** Opening EXERCISE MATERIAL block **
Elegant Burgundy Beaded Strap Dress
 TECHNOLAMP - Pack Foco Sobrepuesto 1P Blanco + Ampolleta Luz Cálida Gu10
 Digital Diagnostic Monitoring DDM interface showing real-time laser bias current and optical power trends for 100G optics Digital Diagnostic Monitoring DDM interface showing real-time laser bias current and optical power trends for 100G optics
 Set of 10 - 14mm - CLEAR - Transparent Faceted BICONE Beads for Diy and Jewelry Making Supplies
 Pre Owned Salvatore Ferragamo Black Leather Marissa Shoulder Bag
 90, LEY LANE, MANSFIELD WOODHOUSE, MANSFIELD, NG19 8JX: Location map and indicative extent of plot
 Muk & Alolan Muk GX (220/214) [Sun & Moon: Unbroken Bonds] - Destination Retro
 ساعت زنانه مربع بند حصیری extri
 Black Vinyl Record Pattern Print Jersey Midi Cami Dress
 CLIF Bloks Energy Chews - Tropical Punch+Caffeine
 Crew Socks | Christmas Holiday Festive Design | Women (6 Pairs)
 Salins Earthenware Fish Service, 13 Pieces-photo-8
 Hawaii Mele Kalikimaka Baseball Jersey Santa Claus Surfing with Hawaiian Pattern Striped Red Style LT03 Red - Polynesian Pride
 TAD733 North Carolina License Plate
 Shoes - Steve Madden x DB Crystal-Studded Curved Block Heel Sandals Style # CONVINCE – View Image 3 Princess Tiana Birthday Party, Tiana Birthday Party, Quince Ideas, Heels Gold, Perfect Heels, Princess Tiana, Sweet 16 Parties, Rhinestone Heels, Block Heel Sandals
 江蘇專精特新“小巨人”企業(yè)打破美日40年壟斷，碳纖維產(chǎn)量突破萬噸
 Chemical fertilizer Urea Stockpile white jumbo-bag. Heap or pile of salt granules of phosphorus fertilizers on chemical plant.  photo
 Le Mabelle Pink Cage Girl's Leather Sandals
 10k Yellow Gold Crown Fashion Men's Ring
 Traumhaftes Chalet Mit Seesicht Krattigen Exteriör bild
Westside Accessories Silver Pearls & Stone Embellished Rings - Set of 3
** Closing EXERCISE MATERIAL block **
THE PROBLEM:
Give the material again, complete and unaltered.

ANSWER TO THIS TASK:
Elegant Burgundy Beaded Strap Dress
 TECHNOLAMP - Pack Foco Sobrepuesto 1P Blanco + Ampolleta Luz Cálida Gu10
 Digital Diagnostic Monitoring DDM interface showing real-time laser bias current and optical power trends for 100G optics Digital Diagnostic Monitoring DDM interface showing real-time laser bias current and optical power trends for 100G optics
 Set of 10 - 14mm - CLEAR - Transparent Faceted BICONE Beads for Diy and Jewelry Making Supplies
 Pre Owned Salvatore Ferragamo Black Leather Marissa Shoulder Bag
 90, LEY LANE, MANSFIELD WOODHOUSE, MANSFIELD, NG19 8JX: Location map and indicative extent of plot
 Muk & Alolan Muk GX (220/214) [Sun & Moon: Unbroken Bonds] - Destination Retro
 ساعت زنانه مربع بند حصیری extri
 Black Vinyl Record Pattern Print Jersey Midi Cami Dress
 CLIF Bloks Energy Chews - Tropical Punch+Caffeine
 Crew Socks | Christmas Holiday Festive Design | Women (6 Pairs)
 Salins Earthenware Fish Service, 13 Pieces-photo-8
 Hawaii Mele Kalikimaka Baseball Jersey Santa Claus Surfing with Hawaiian Pattern Striped Red Style LT03 Red - Polynesian Pride
 TAD733 North Carolina License Plate
 Shoes - Steve Madden x DB Crystal-Studded Curved Block Heel Sandals Style # CONVINCE – View Image 3 Princess Tiana Birthday Party, Tiana Birthday Party, Quince Ideas, Heels Gold, Perfect Heels, Princess Tiana, Sweet 16 Parties, Rhinestone Heels, Block Heel Sandals
 江蘇專精特新“小巨人”企業(yè)打破美日40年壟斷，碳纖維產(chǎn)量突破萬噸
 Chemical fertilizer Urea Stockpile white jumbo-bag. Heap or pile of salt granules of phosphorus fertilizers on chemical plant.  photo
 Le Mabelle Pink Cage Girl's Leather Sandals
 10k Yellow Gold Crown Fashion Men's Ring
 Traumhaftes Chalet Mit Seesicht Krattigen Exteriör bild
Westside Accessories Silver Pearls & Stone Embellished Rings - Set of 3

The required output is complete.